Please copy, exactly as written, the span from the first line below to the line that contains "Hi everyone, my", including both, and skip the pictures.
/---
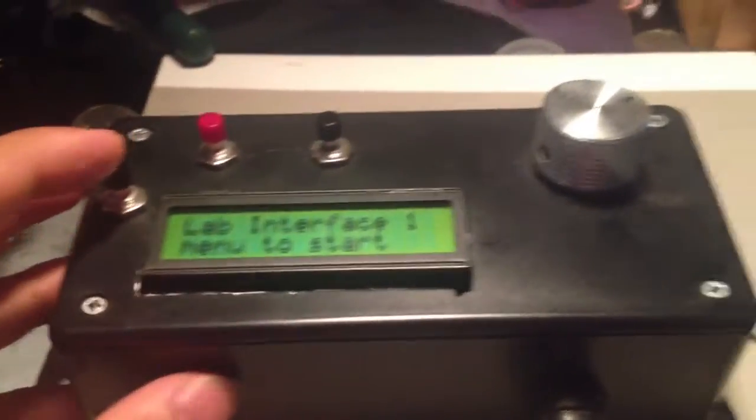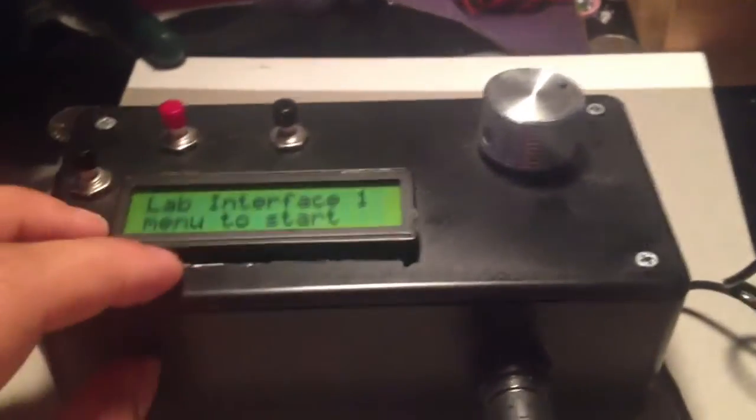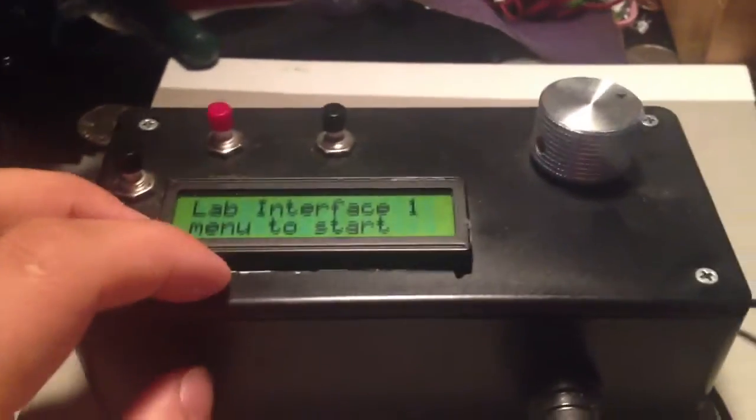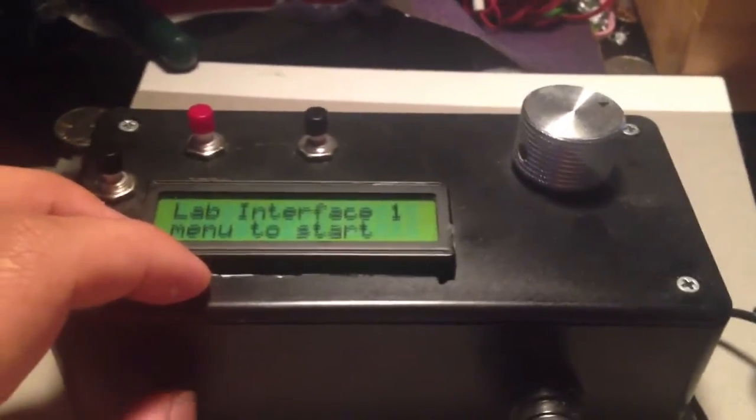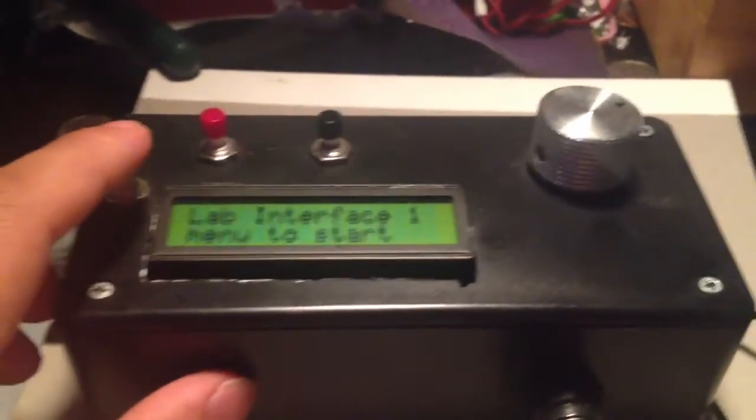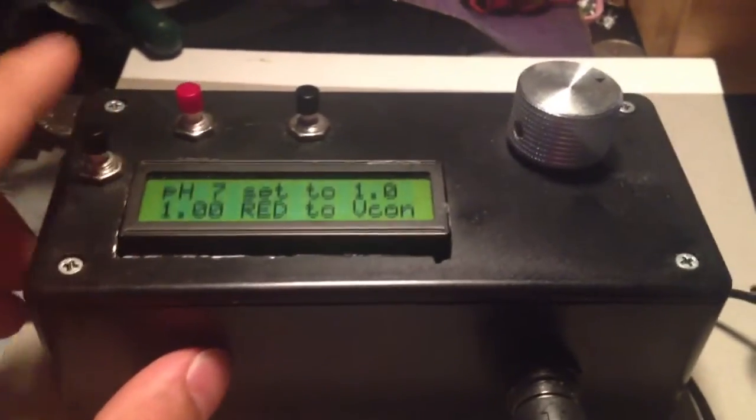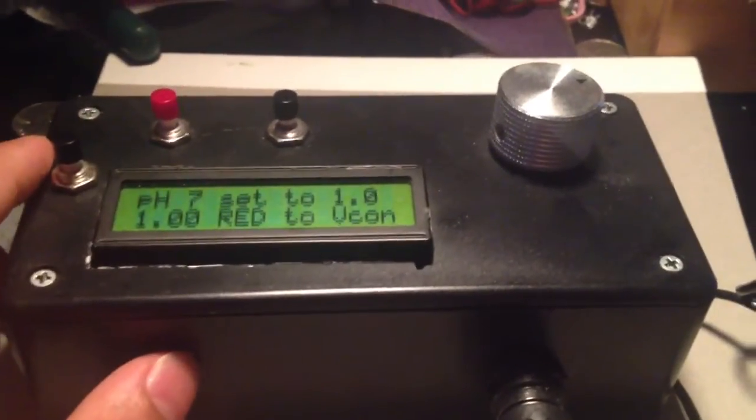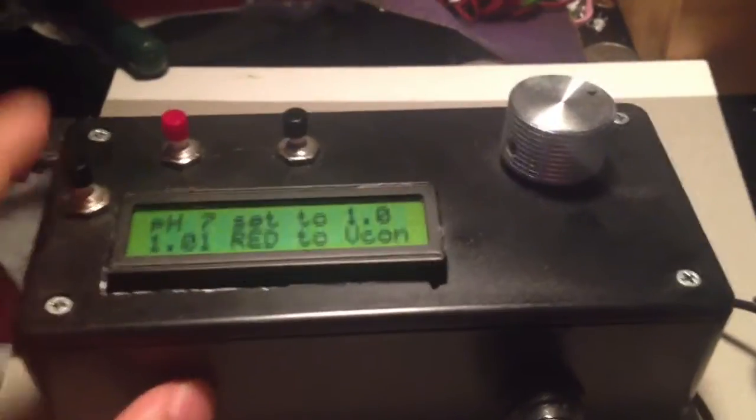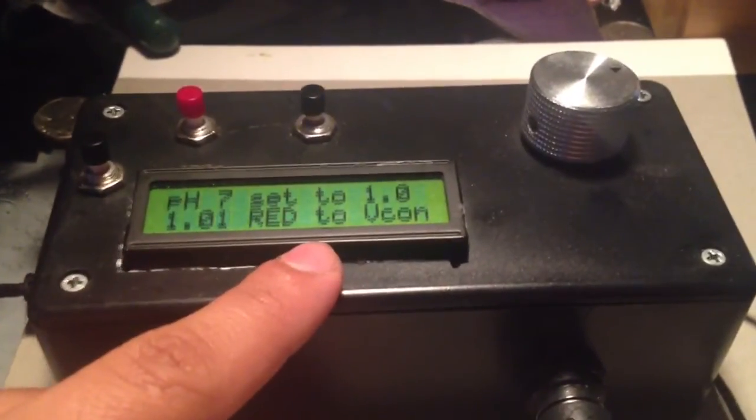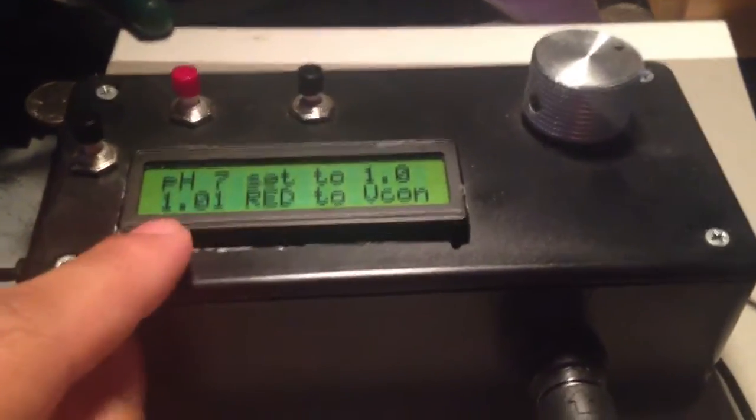It's set up with two-point calibration for pH right now. Basically what happens is I press this button to enter calibration mode. Now it says pH 7 set to 1.0.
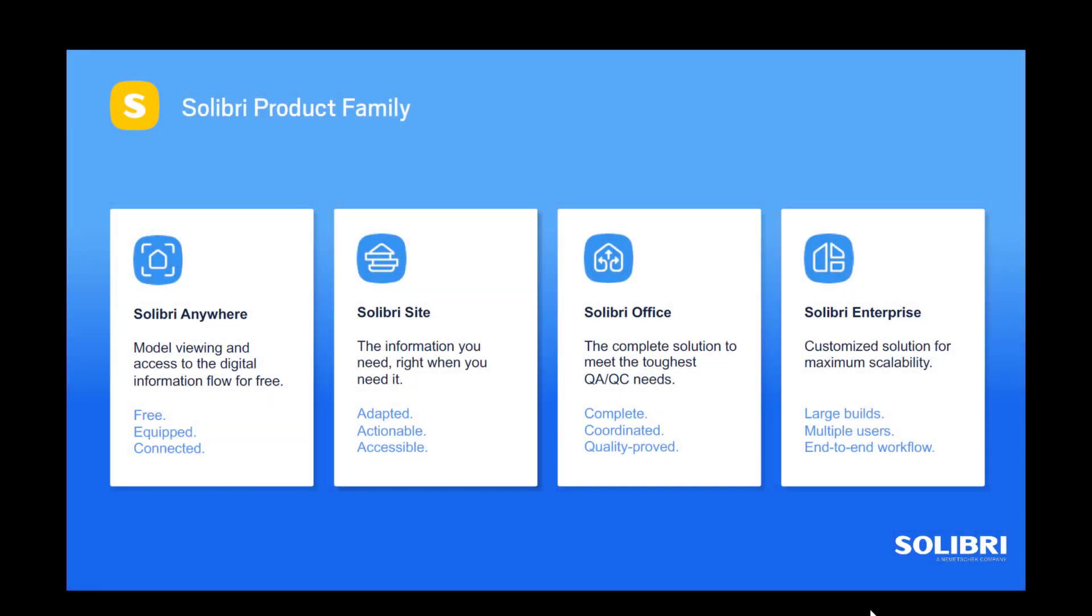Hi everyone, my name is Kinga and I work for Cadventure, Solibri's platinum partner. I'm a business development executive and I specialize in Solibri, so today I'd like to talk to you about Solibri Anywhere.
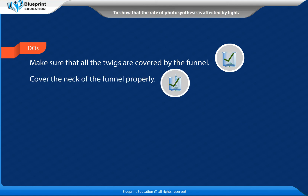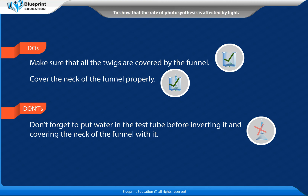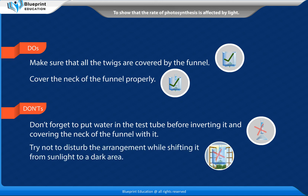Cover the neck of the funnel properly. Don'ts: Don't forget to put water in the test tube before inverting it and covering the neck of the funnel with it. Try not to disturb the arrangement while shifting it from sunlight to a dark area.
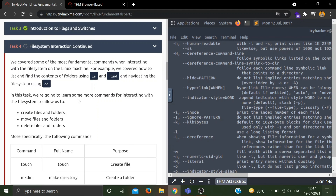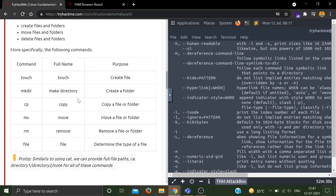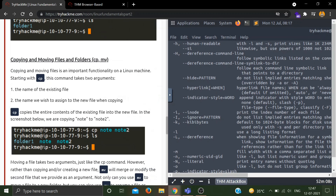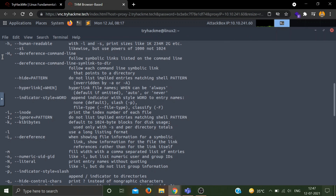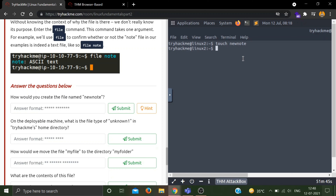The next task is File System Interaction Continued. Here we will see additional commands: touch is used to create a file, mkdir stands for make directory to create a folder, cp for copy, mv for move, rm for remove, and file to check the type of a file. Let's clear the terminal. To create a file named newnote, run: touch newnote. After running ls you can see newnote has been created.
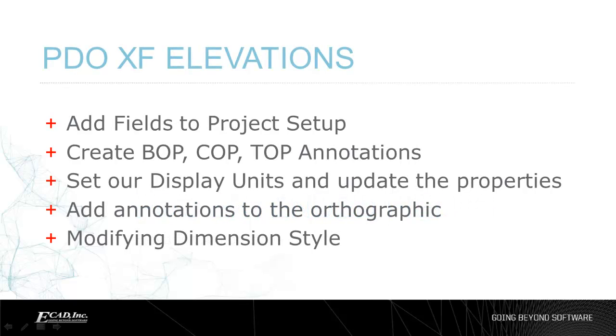Today's video on the PDO Extended Fields plugin will show how to add elevations to orthographics by adding fields to the project setup, creating annotations, setting display units, and annotating the orthographics.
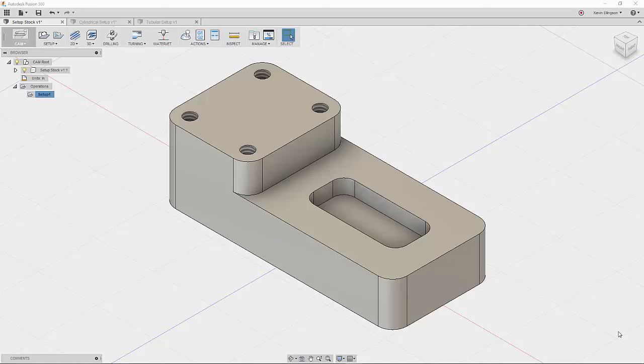In the first part, we looked at placing a work coordinate system on different situations with parts. In this video series, the first one we're going to look at placing our stock, setting up our stock using the fixed options. So I have three examples of parts that we're going to look at. We're going to do a fixed size box, a fixed size cylinder, and a fixed size tube.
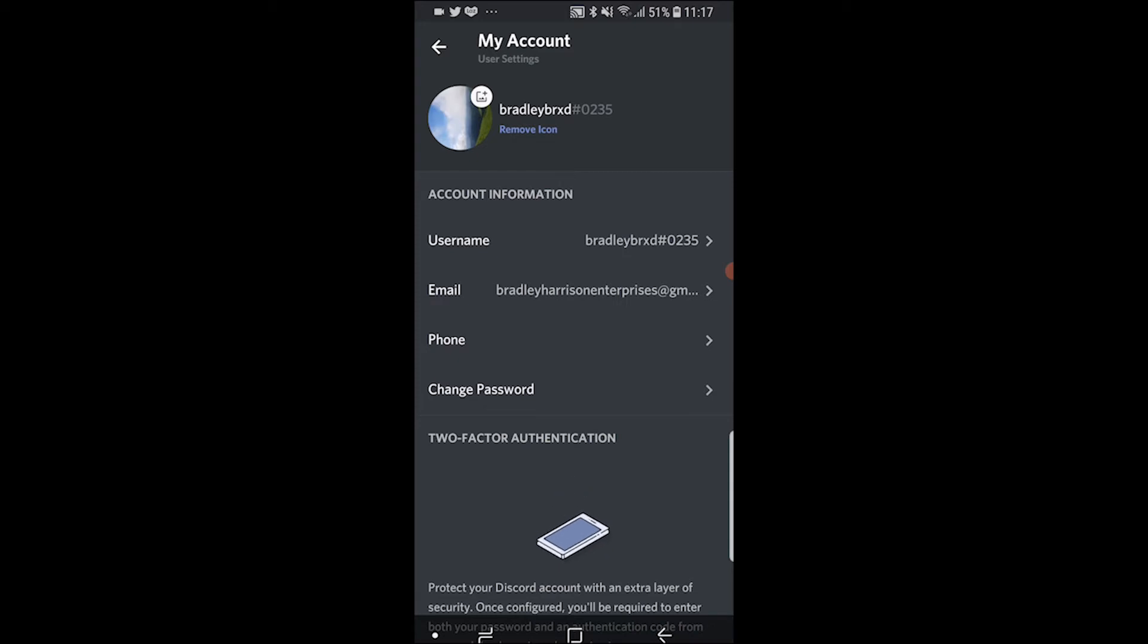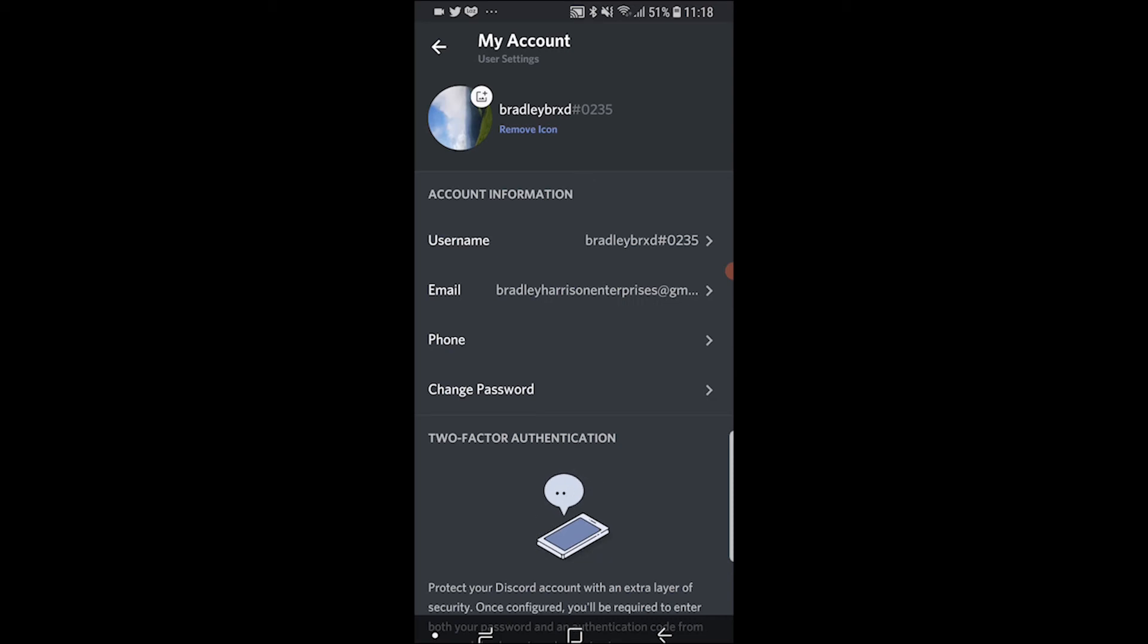Now to log out across all devices, there isn't actually a button which will do this. But what we can do is change our password on Discord, which is essentially going to log everyone out anyway.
\---
_ANSWER SECTION_.
It's set up with two-point calibration for pH right now. Basically what happens is I press this button to enter calibration mode. Now it says pH 7 set to 1.0.
Hi everyone, my name is Kinga and I work for Cadventure, Solibri's platinum partner. I'm a business development executive and I specialize in Solibri, so today I'd like to talk to you about Solibri Anywhere.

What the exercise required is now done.